▸ **REQUIRED WORK**: The material below holds pictures; leave them out and reproduce exactly the lines from the one with "I hope this" through the one with "John's business was", inclusive.

▸ **INFORMATION SHOWN**:
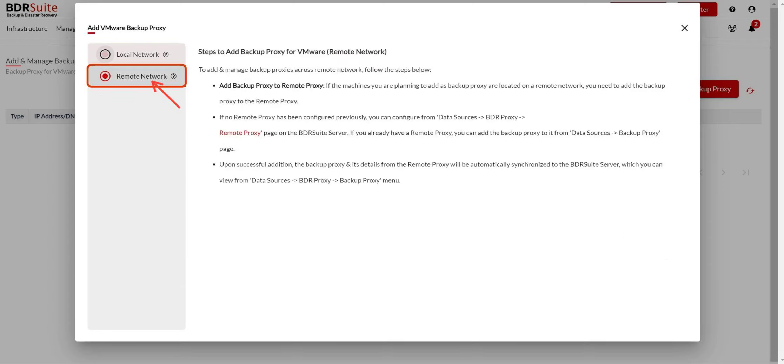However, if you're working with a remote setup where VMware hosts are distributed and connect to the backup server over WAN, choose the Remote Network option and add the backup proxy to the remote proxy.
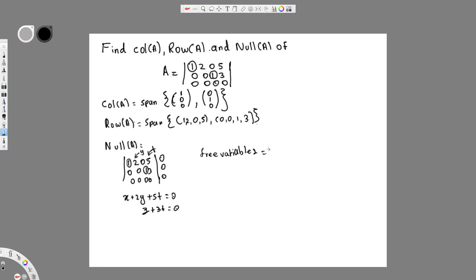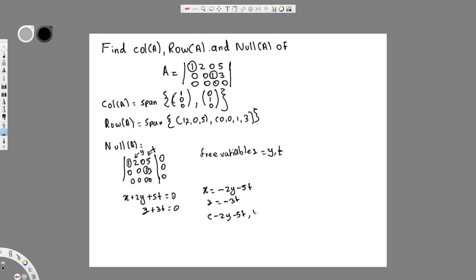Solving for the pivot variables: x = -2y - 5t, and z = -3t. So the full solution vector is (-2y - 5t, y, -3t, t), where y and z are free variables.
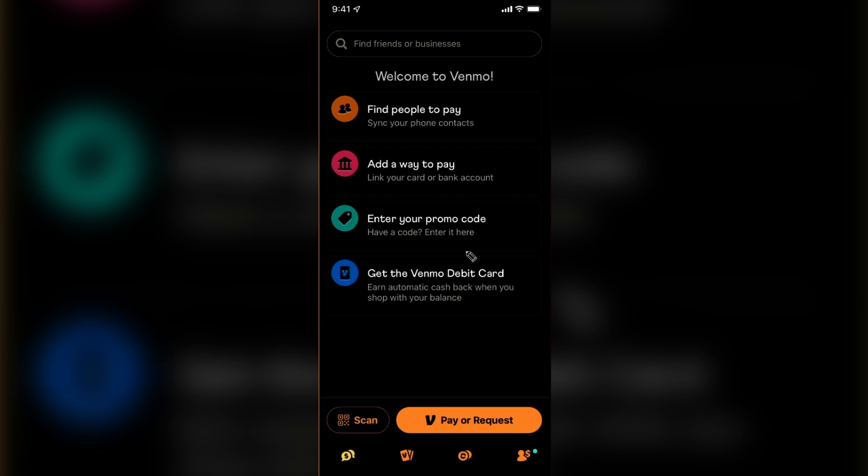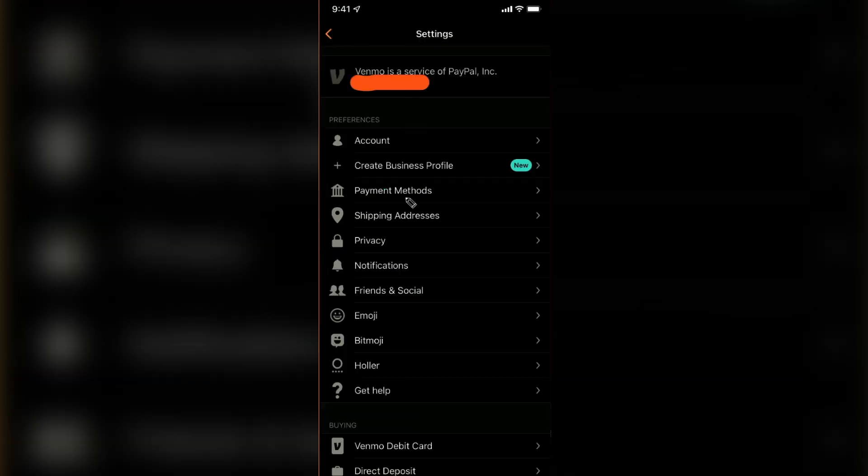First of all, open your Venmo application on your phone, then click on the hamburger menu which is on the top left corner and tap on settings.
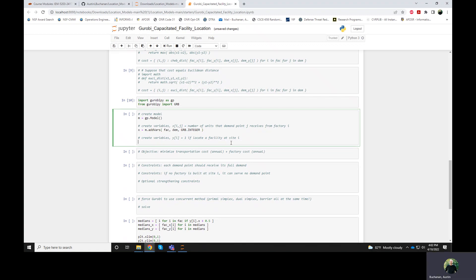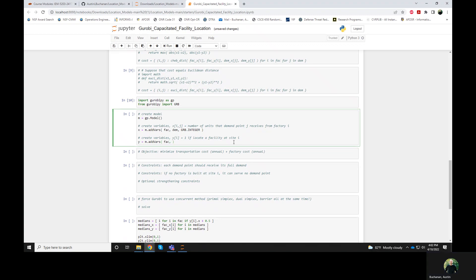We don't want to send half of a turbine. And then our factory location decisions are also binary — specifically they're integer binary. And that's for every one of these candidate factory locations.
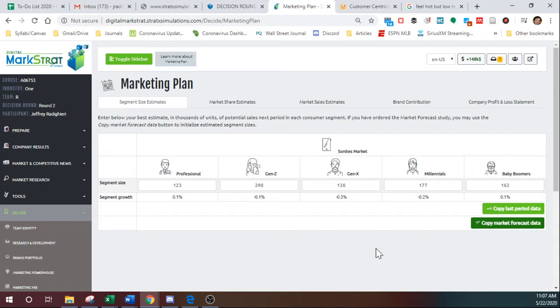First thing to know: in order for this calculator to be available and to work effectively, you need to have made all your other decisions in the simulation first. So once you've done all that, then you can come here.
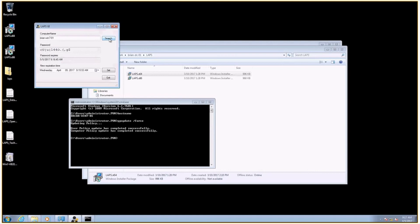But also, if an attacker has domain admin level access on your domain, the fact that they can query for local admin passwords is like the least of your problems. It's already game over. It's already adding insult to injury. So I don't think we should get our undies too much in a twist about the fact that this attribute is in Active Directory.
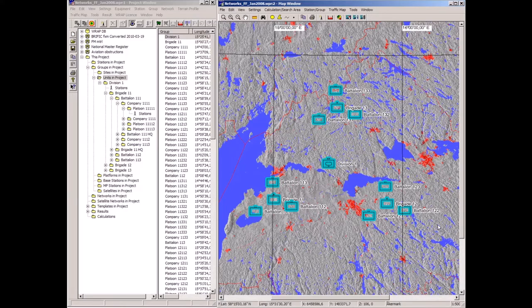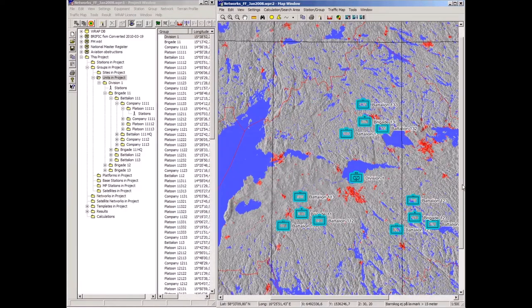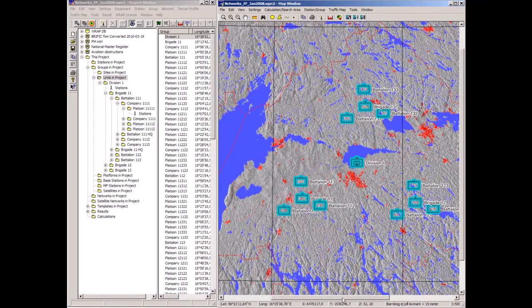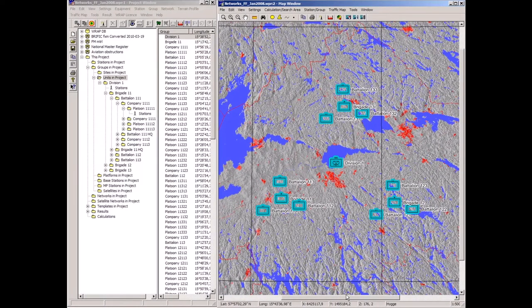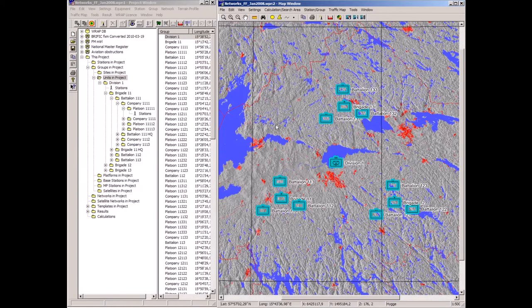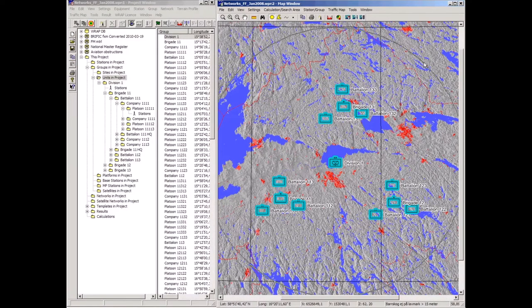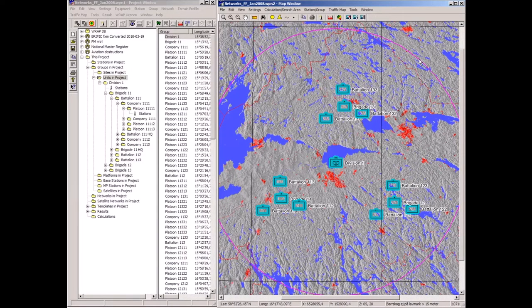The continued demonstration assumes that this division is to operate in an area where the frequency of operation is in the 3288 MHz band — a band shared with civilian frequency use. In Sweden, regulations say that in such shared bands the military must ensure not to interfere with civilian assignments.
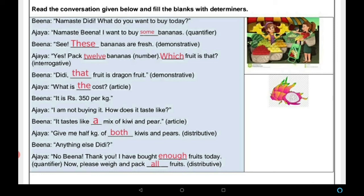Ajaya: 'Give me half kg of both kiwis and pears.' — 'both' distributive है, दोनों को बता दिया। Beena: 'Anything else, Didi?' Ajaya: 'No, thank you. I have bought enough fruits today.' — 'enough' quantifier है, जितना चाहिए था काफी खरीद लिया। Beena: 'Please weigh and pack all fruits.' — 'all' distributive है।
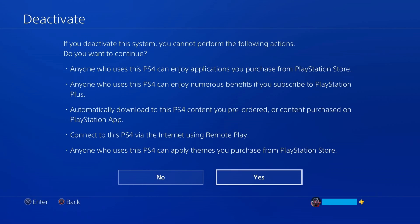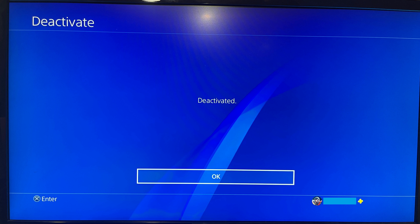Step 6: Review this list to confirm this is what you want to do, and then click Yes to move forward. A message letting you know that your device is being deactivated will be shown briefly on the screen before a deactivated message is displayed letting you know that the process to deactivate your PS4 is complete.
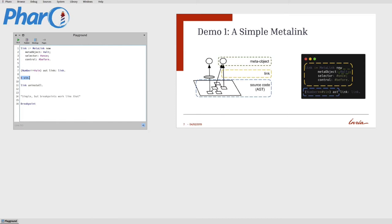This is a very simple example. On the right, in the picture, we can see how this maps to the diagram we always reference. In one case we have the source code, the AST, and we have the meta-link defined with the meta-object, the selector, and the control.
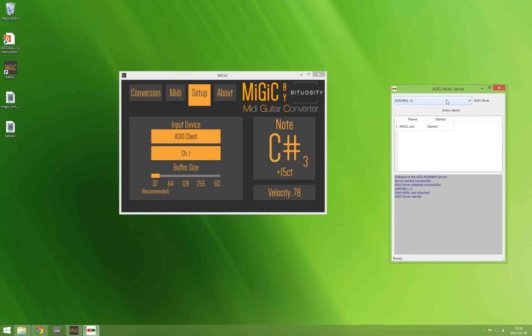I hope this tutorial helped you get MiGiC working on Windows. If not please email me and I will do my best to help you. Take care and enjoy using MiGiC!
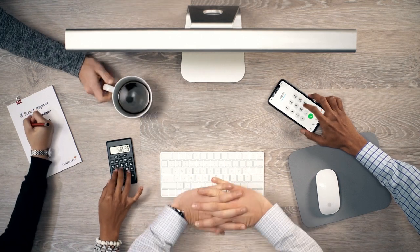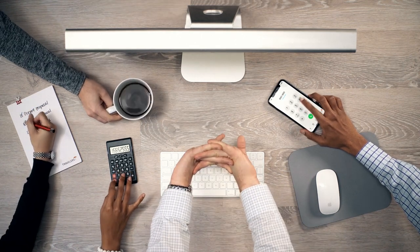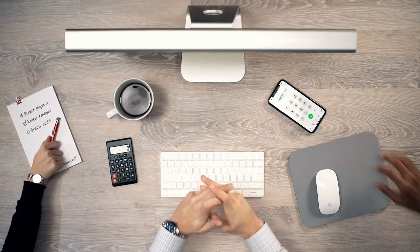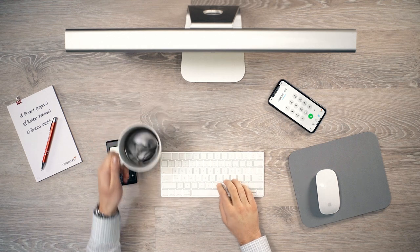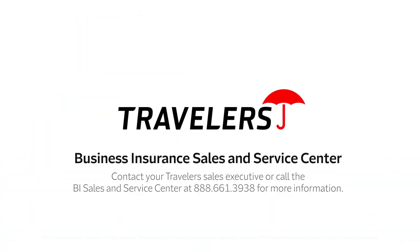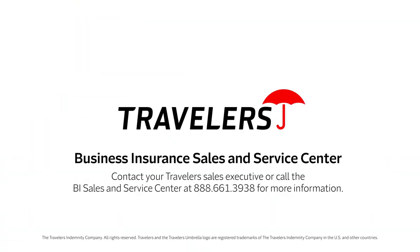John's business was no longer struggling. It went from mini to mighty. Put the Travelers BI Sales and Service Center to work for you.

--

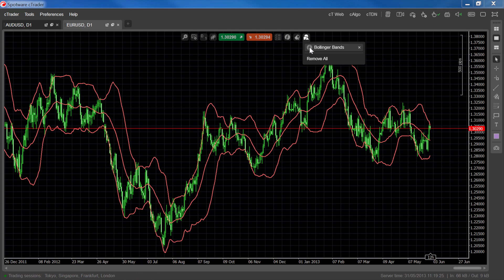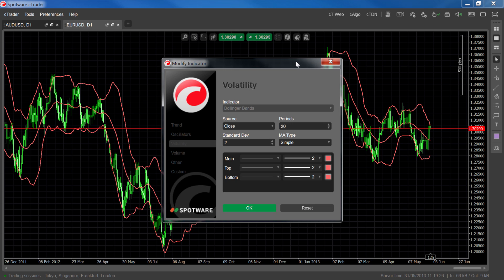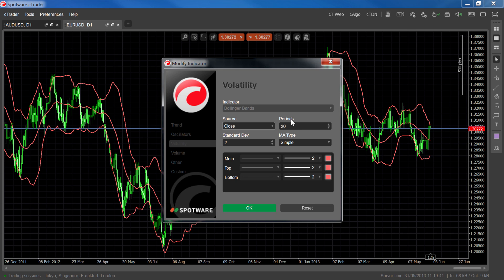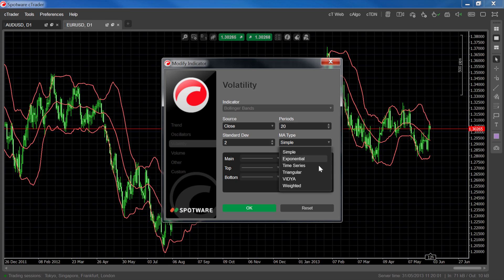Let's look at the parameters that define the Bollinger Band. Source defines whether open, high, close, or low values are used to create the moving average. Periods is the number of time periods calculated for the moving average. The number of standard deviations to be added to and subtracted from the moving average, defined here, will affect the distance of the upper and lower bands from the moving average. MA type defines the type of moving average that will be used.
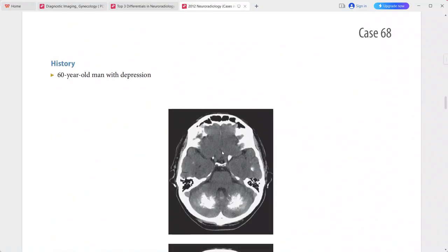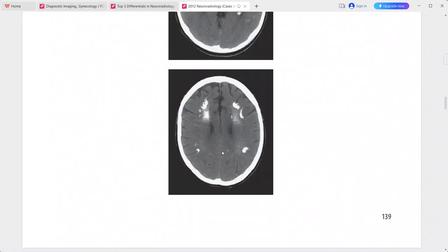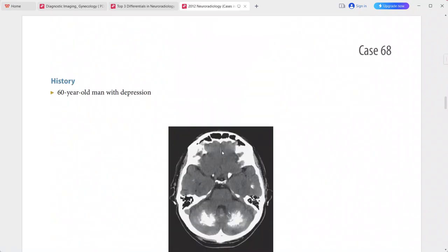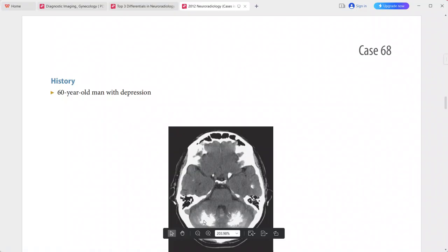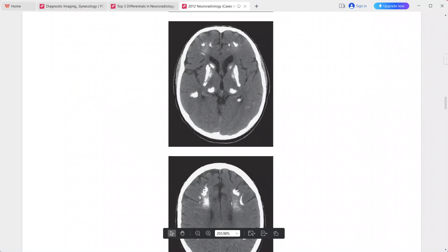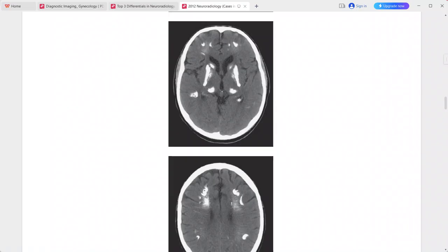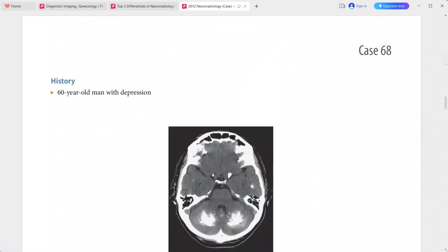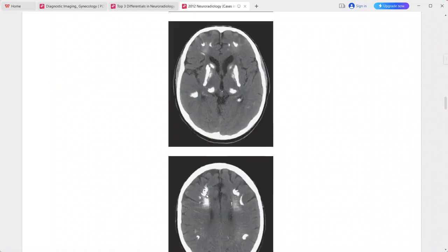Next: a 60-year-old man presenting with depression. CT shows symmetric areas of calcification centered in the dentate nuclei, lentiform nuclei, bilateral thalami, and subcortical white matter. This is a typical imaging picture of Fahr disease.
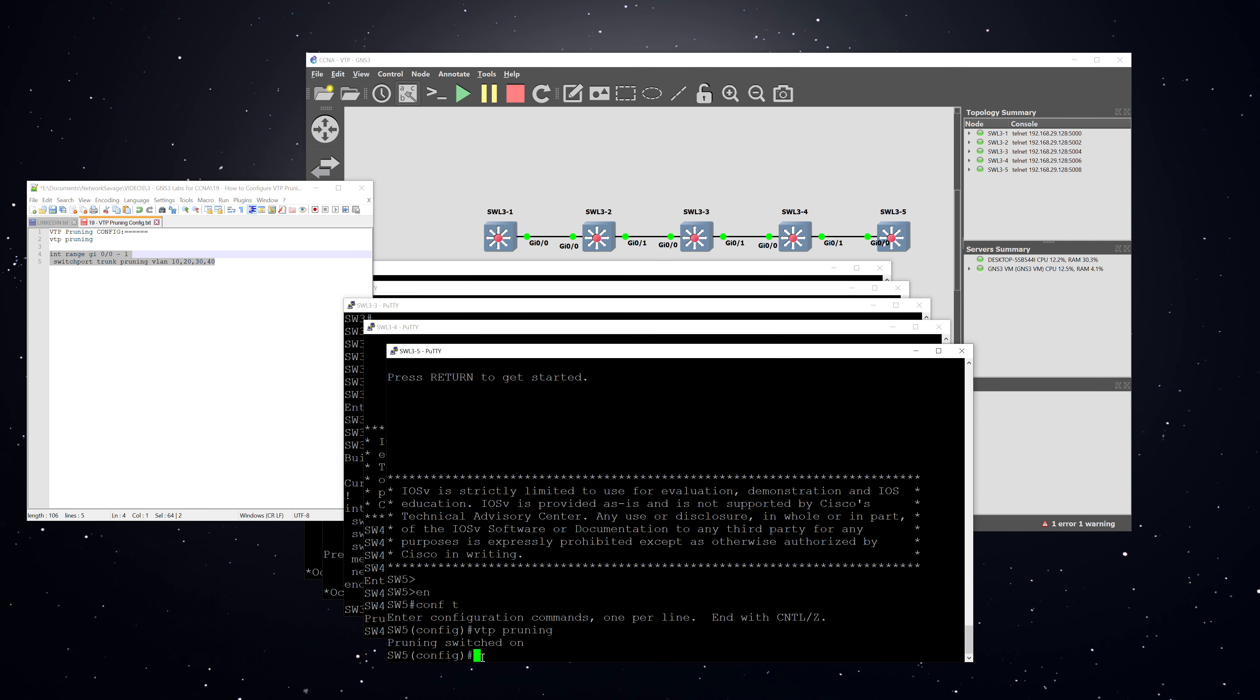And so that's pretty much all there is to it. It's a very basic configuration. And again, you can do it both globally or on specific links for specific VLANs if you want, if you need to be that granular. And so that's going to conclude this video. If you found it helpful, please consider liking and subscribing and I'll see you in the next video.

...

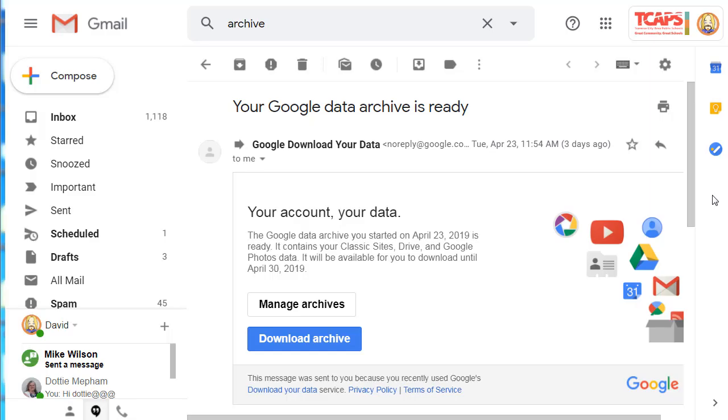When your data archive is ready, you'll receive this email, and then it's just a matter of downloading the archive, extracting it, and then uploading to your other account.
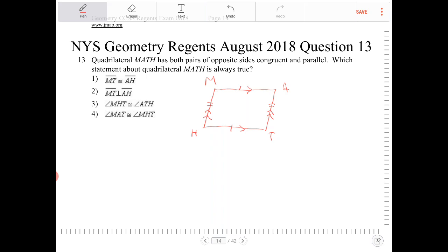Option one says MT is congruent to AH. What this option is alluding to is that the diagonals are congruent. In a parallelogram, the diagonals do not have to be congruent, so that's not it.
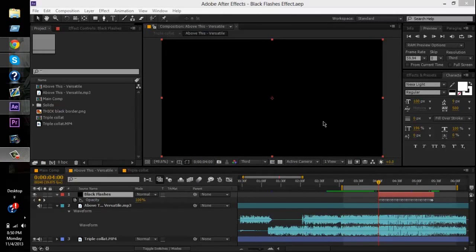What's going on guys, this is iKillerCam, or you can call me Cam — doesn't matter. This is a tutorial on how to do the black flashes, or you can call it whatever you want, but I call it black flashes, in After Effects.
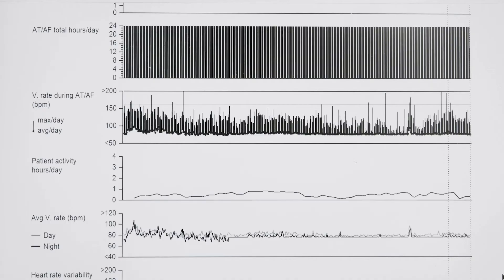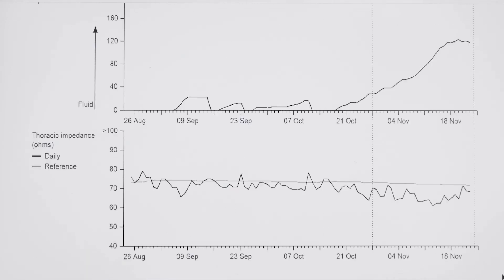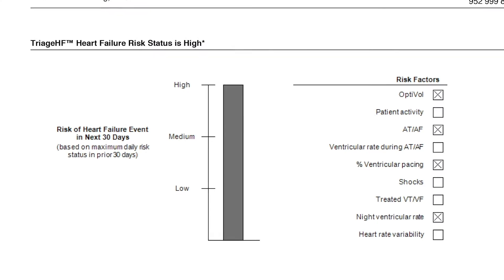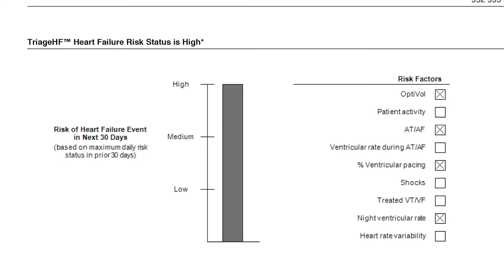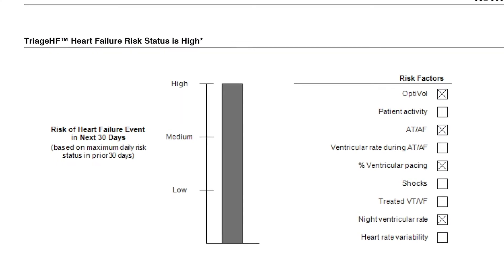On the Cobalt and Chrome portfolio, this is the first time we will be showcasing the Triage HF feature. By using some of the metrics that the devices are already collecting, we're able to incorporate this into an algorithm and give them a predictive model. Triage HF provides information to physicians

▸ **RESPONSE**:
I hope this tutorial helped you get MiGiC working on Windows. If not please email me and I will do my best to help you. Take care and enjoy using MiGiC!
John's business was no longer struggling. It went from mini to mighty. Put the Travelers BI Sales and Service Center to work for you.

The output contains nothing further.